Let us assemble, whensoe'er we can,
To hold calm counsel, to serenely plan
Aught that God willeth we should strive to do,
Of brave, yet gentle, generous, and true.
Here let good books arouse the slumbering mind
To thoughts all holy, lofty, and refined;
Books written for twin truth and virtue's sake,
To keep man's spirit healthfully awake:
But chiefly let God's oracle be sought,
With all its grandeur of transcendent thought,
Its grace, its glory, its consoling power,
Its wisdom fitted to the varied hour,
Its earthly language unto Heaven allied,
The Christian's treasure-page, and comforter, and
            guide.

        Here let the voice of earnest men be heard,
Till the glad bosom is divinely stirred—
Stirred with the best emotions, half akin
To angel natures, free from grief and sin;
And may each word of truthfulness that flows
From gracious lips give gladness and repose,
Or so infuse the soul with holy fire,
That it shall glow with faith, and gloriously aspire.

        Let us go forth, not arrogant and vain,
Nor with a thought of worldly praise or gain,
But, like the Apostles of the elder day,
To point the path, and lead ourselves the way;
Let us go forth with tolerance and good-will,
And strive our sacred duties to fulfil;—
Duties that urge us to the noble toil
Of breaking up a weed-encumbered soil,
Where tares of sinfulness too freely rise,
And choke the better stern that struggles towards
            the skies.

        We have a church, and we, a faithful band,
With not a haughty and oppressive hand,
Dare to uphold it in this changeful hour,
And vindicate its purity of power;
Yet do we own that each may choose his way,
If it but leadeth into perfect day;
For with one common lot, one hope, one heaven,
Let every heart forgive, and be itself forgiven.

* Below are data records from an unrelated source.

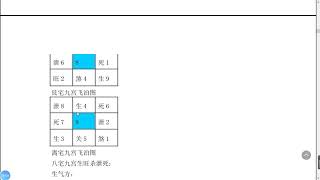 易经八宅风水学33集紫白九星生杀五气八卦方位布局理论简单易学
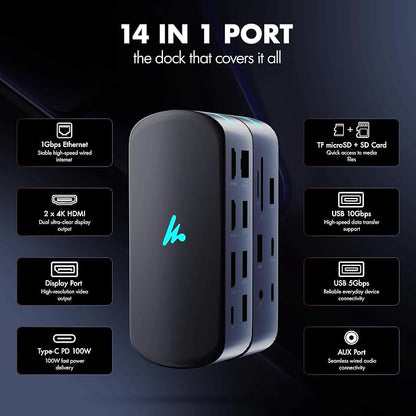 Type C 14 in 1 Wozoyo Docking Station, PD 100W, 2X4K@60Hz HDMI, 4K DisplayPort - Image 4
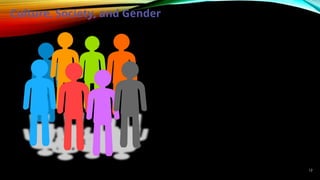 Cultural Variations, Gender Roles, and Social Dynamics in Society | PPTX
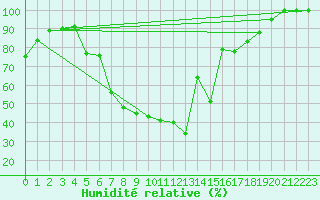 Courbe de l'humidit relative pour Muehldorf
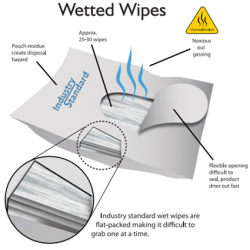 Main types of Clean-room wiper based on materials type 3 Main types of Clean-room wiper based on materials type 3
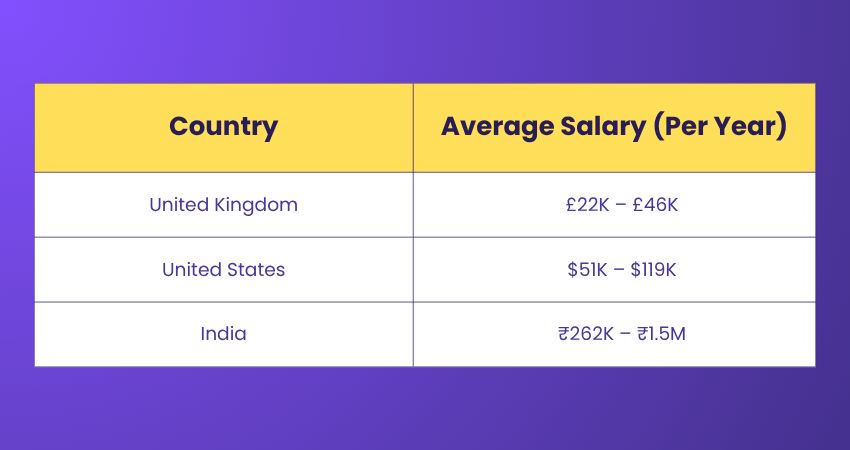 Network Administrator Salaries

        Lord! in whose honour we thus humbly try
To bring thy stray ones nearer to the sky,
Help us, inspire us, strengthen us to dare
All that is worthy in this world of care;
Oh! teach us how to teach, that we may sow
Thy truth, broadcast, o'er all the fields below.
Oh! make our land the noblest of the free,
An agent faithful to Thy Son and Thee;
So that she spread on each benighted shore,
Thy blessed Word, Thy everlasting lore,
Pregnant with promise to the human race,
If they but seek Thy clemency and grace
With contrite hearts, and ask with earnest prayer
A portion of Thy Heaven, to dwell for ever there!

 

_________________________

 
KINDLY WORDS.

 

THE wild rose, mingled with the fragrant bine,
        Is calmly graceful, beautiful to me,
And glorious are the countless stars that shin,
        With silent splendour over earth and sea;
But gentle words, and hearts where love has room,
        And cordial hands that often clasp my own,
Are better than the fairest flowers that bloom,
        Or the unnumbered stars that ever shone.

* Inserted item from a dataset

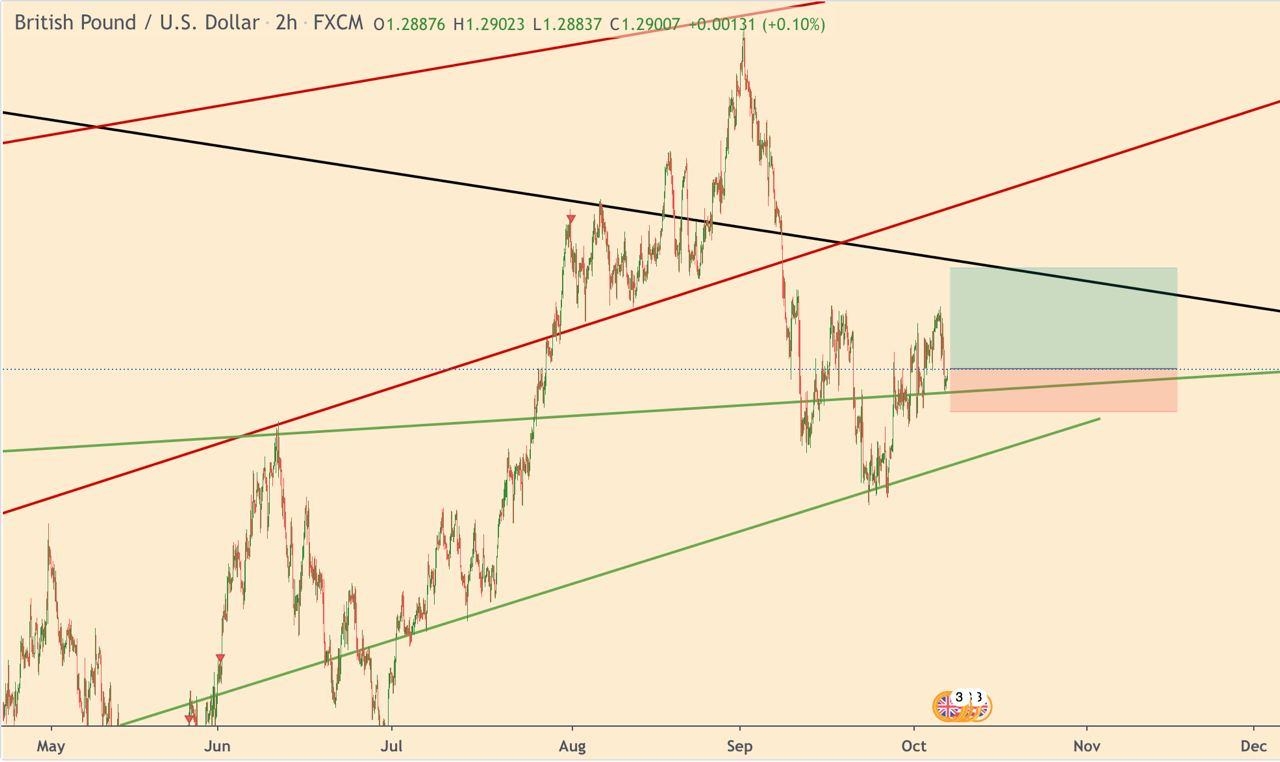 GBP/USD 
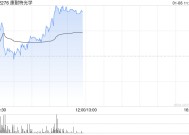 康耐特光学盘中涨超6% 12月11日至今股价已实现翻倍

The fostering sun may warm the fields to life,
        The gentle dew refresh the drooping flower,
And make all beauteous things supremely rife
        In gorgeous summer's grand and golden hour;
But words that breathe of tenderness and love,
        And genial smiles, that we are sure are true,
Are warmer than the summer sky above,
        And brighter, gentler, sweeter than the dew.

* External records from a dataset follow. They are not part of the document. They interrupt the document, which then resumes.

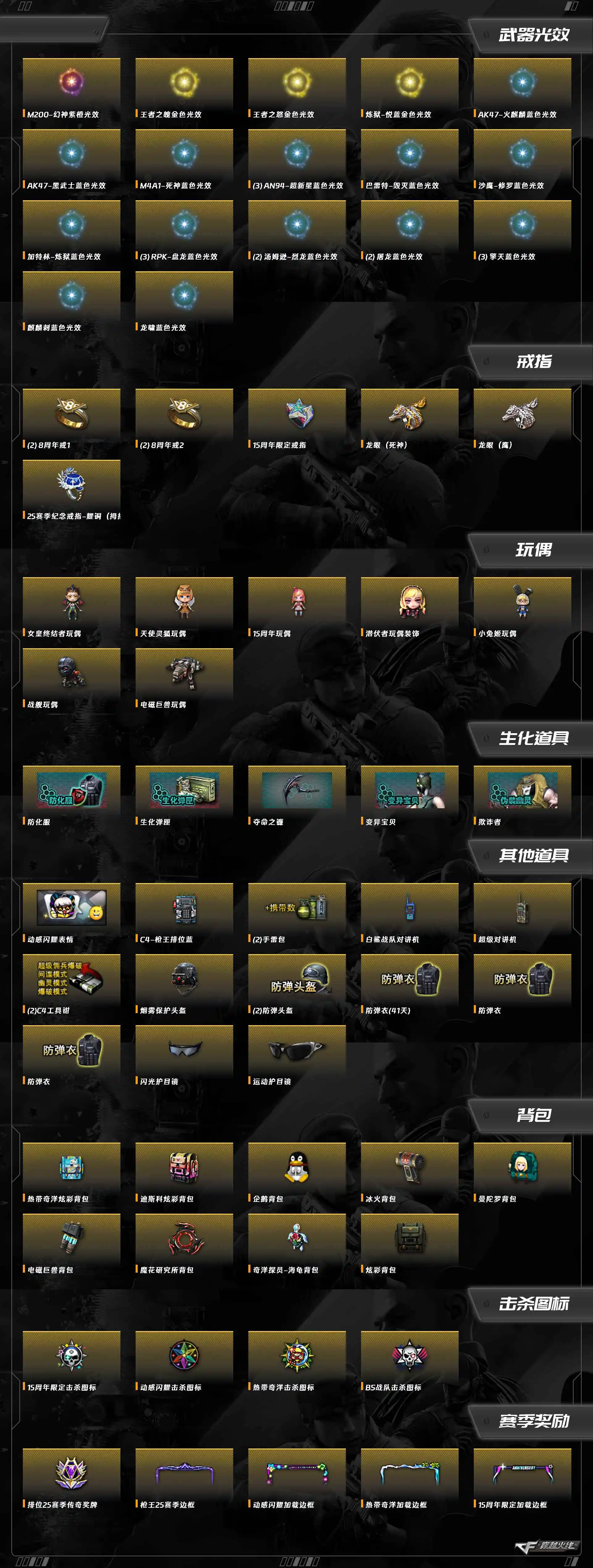 CFCMW460083穿越火线账号详情图8 CFCMW460083穿越火线账号详情图8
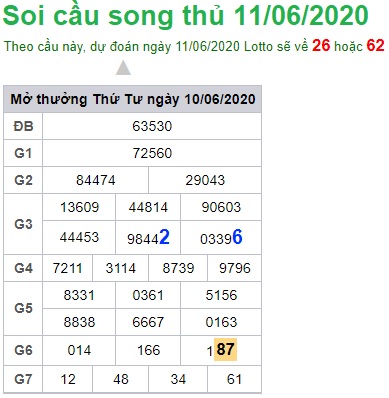 Soi cầu XSMB 11-6-2020 Win2888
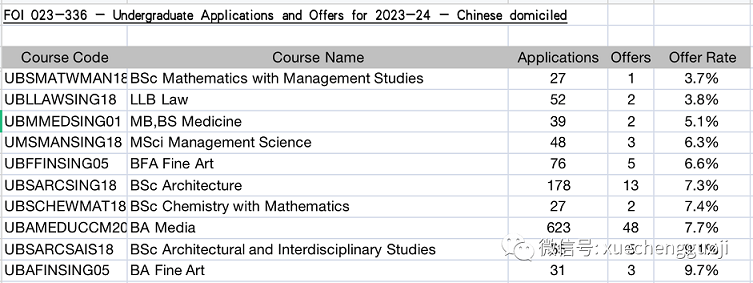 中国学生UCL这些专业慎选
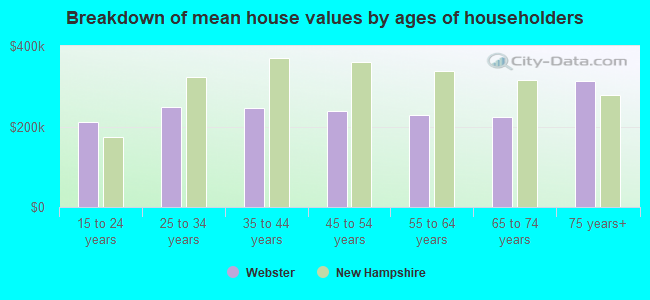 Breakdown of mean house values by ages of householders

It is not much the selfish world can give,
        With all its subtle and deceiving art,
And gold and gems are not the things that live,
        Or satisfy the longings of the heart;
But, oh! if those who cluster round the hearth
        Sincerely soothe us by affection's powers,
To kindly looks and loving smiles give birth,
        How doubly beauteous is this world of ours!